**EXERCISE DESCRIPTION:**
What is needed is an exact reproduction of the lines from the one that contains "Hi guys! Lastic" through the end of the data, both included and nothing else, with pictures omitted.

**INFORMATION SUPPLIED:**
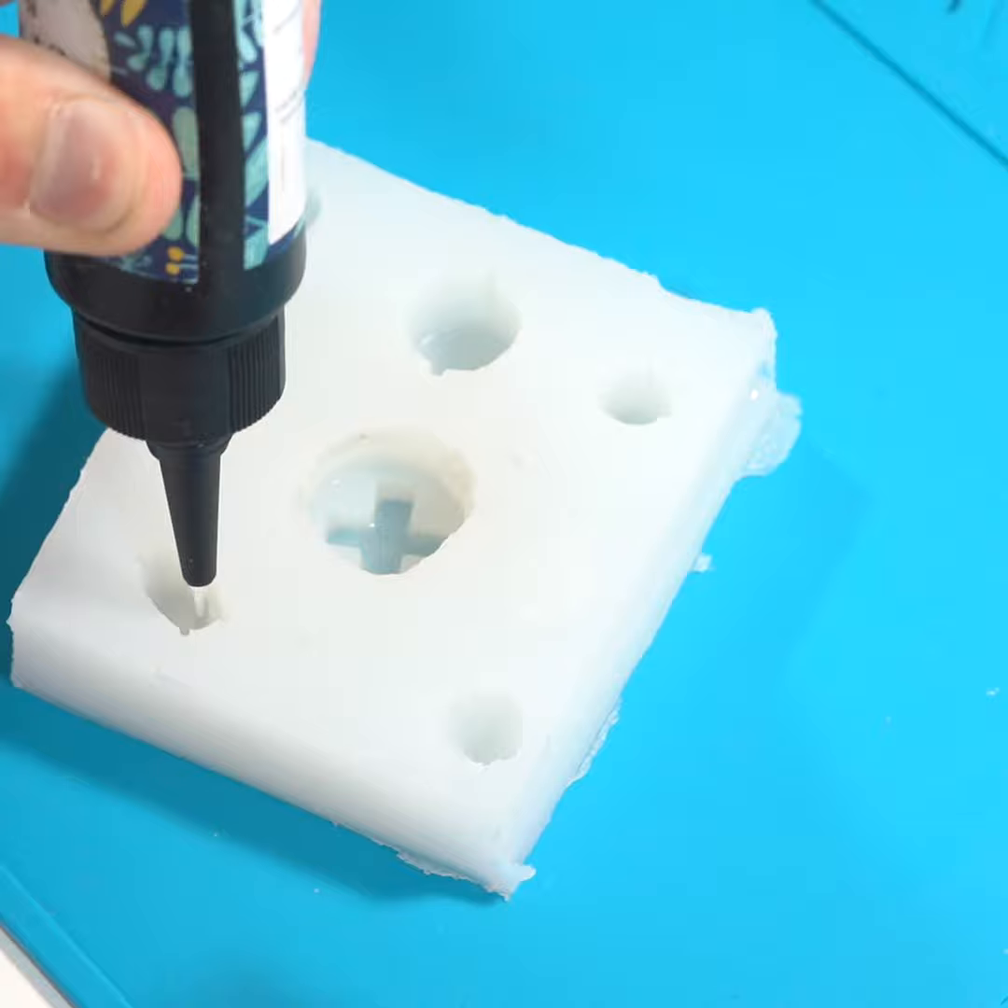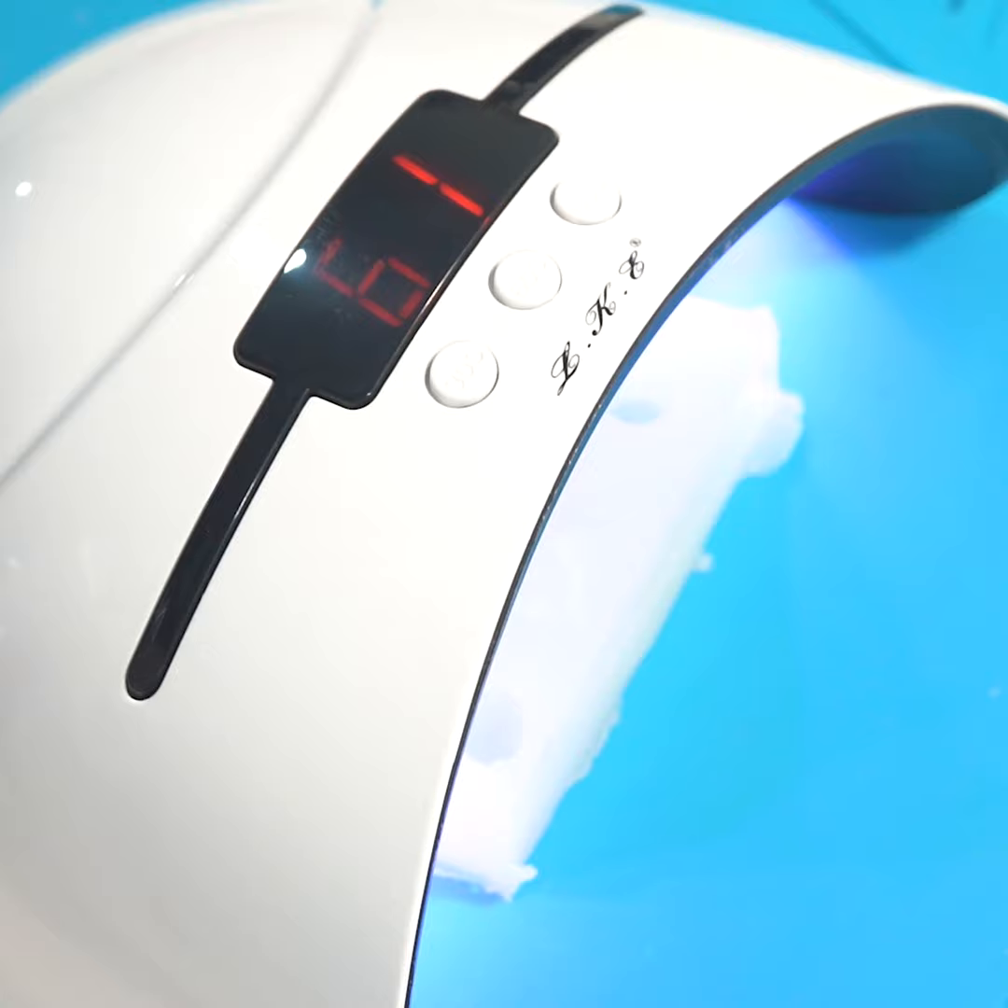First, put a layer of clear UV resin at the bottom of each button mold. Then cure it for about 90 seconds to make it a little bit thicker. Make sure it doesn't become solid though, as the next layer of resin won't be able to properly stick to it.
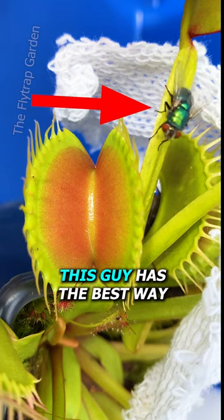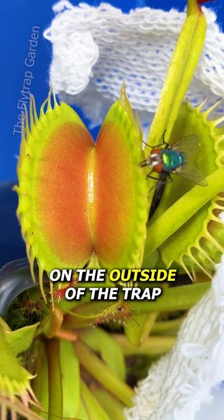This fly has the best way to avoid Venus fly traps. By standing on the outside of the trap, he can push his mouth through the gaps in these teeth and steal the fly trap's nectar.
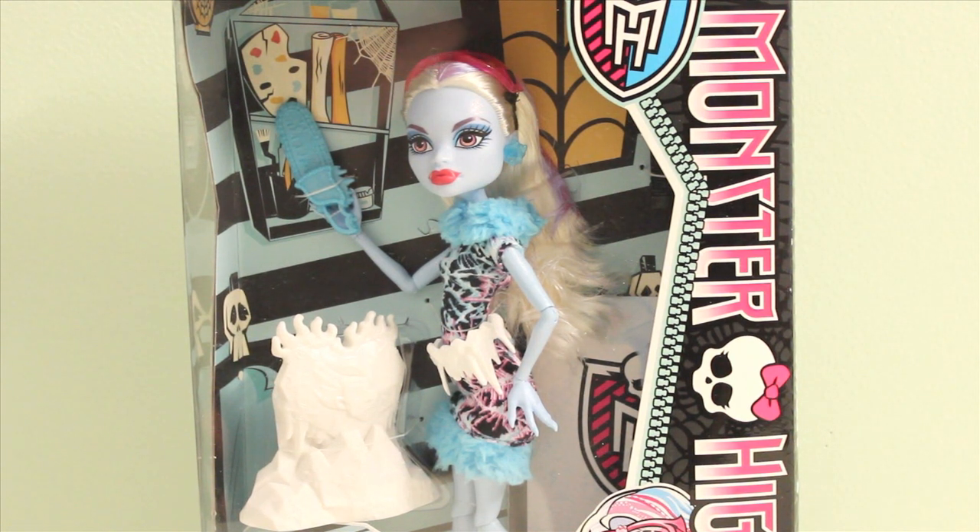Hi guys! Lastic here. Today I have Monster High Art Class Abby Bominable in front of me.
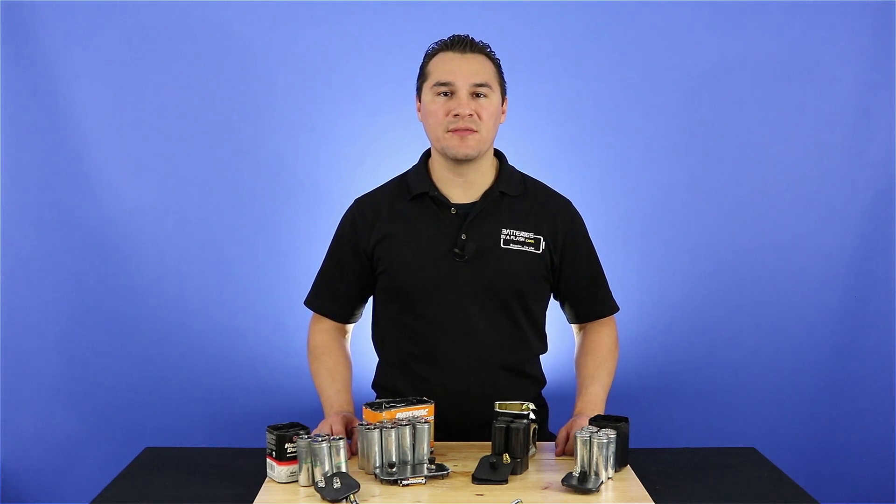So tune in, charge up, or you just might be left in the dark. Four batteries were harmed in the making of this video.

**RESPONSE TO THE EXERCISE:**
Hi guys! Lastic here. Today I have Monster High Art Class Abby Bominable in front of me.
So tune in, charge up, or you just might be left in the dark. Four batteries were harmed in the making of this video.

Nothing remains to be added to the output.